Counting-Based Search: Branching Heuristics for Constraint Satisfaction Problems
This addresses the challenge of creating robust branching heuristics for constraint satisfaction problems, which is important for practitioners in fields like scheduling and puzzles, though it appears incremental as it builds on existing counting-based ideas.
The paper tackled the problem of designing reliable search heuristics for constraint programming across domains by proposing counting-based search, which uses global constraint-level information to preserve solutions, and found that it generally outperforms state-of-the-art generic heuristics in experiments across eight problem domains.
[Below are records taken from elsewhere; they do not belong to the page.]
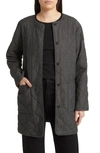 EILEEN FISHER QUILTED ORGANIC COTTON COAT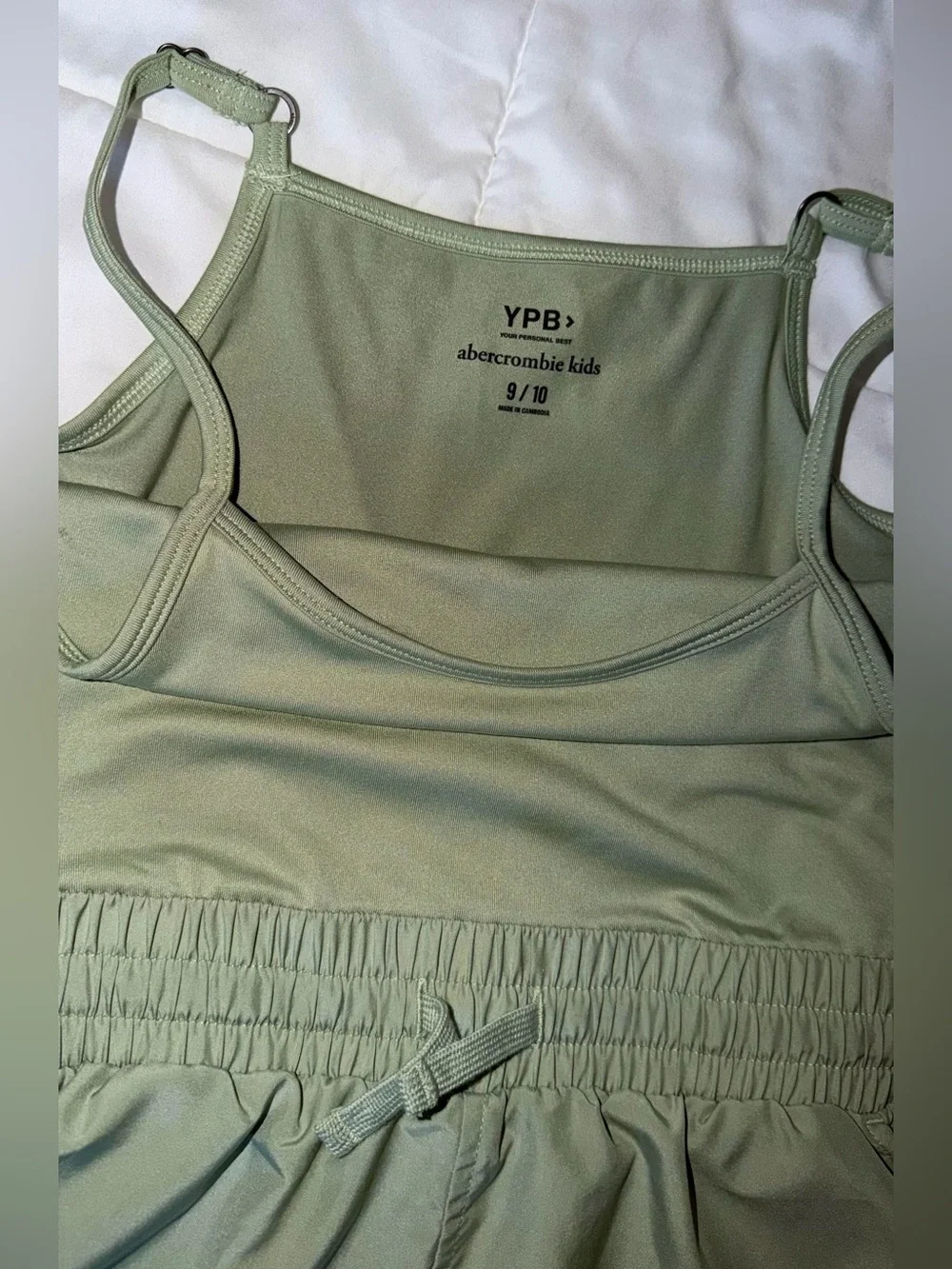 Girls Olive Green Abercrombie Dress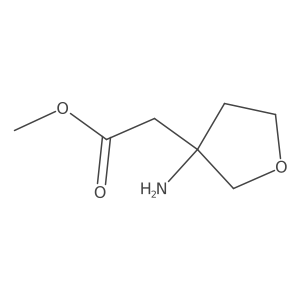 Methyl 2-(3-aminooxolan-3-yl)acetate Structure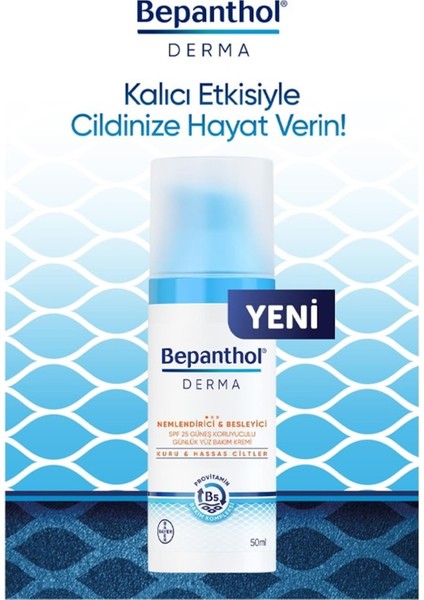 Derma Nemlendirici & Besleyici Spf 25 Güneş Koruyuculu Günlük Yüz Bakım Kremi 50 ml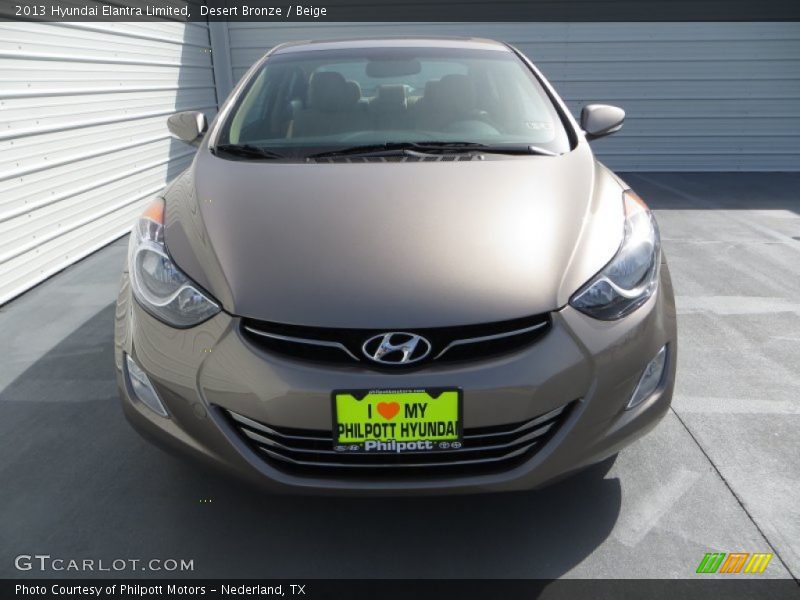 Desert Bronze / Beige 2013 Hyundai Elantra Limited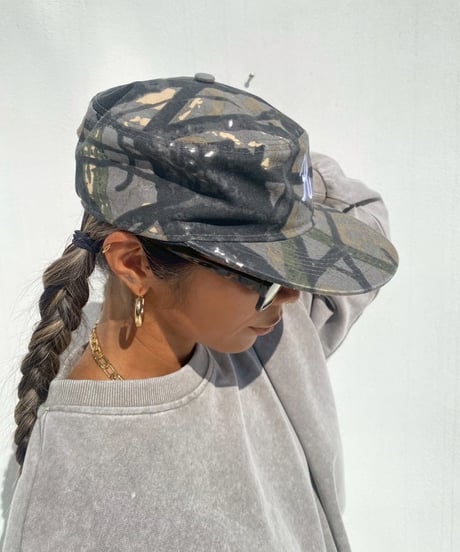 flat top cap「H」#2603-2/2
Designing a search heuristic for constraint programming that is reliable across problem domains has been an important research topic in recent years. This paper concentrates on one family of candidates: counting-based search. Such heuristics seek to make branching decisions that preserve most of the solutions by determining what proportion of solutions to each individual constraint agree with that decision. Whereas most generic search heuristics in constraint programming rely on local information at the level of the individual variable, our search heuristics are based on more global information at the constraint level. We design several algorithms that are used to count the number of solutions to specific families of constraints and propose some search heuristics exploiting such information. The experimental part of the paper considers eight problem domains ranging from well-established benchmark puzzles to rostering and sport scheduling. An initial empirical analysis identifies heuristic maxSD as a robust candidate among our proposals.eWe then evaluate the latter against the state of the art, including the latest generic search heuristics, restarts, and discrepancy-based tree traversals. Experimental results show that counting-based search generally outperforms other generic heuristics.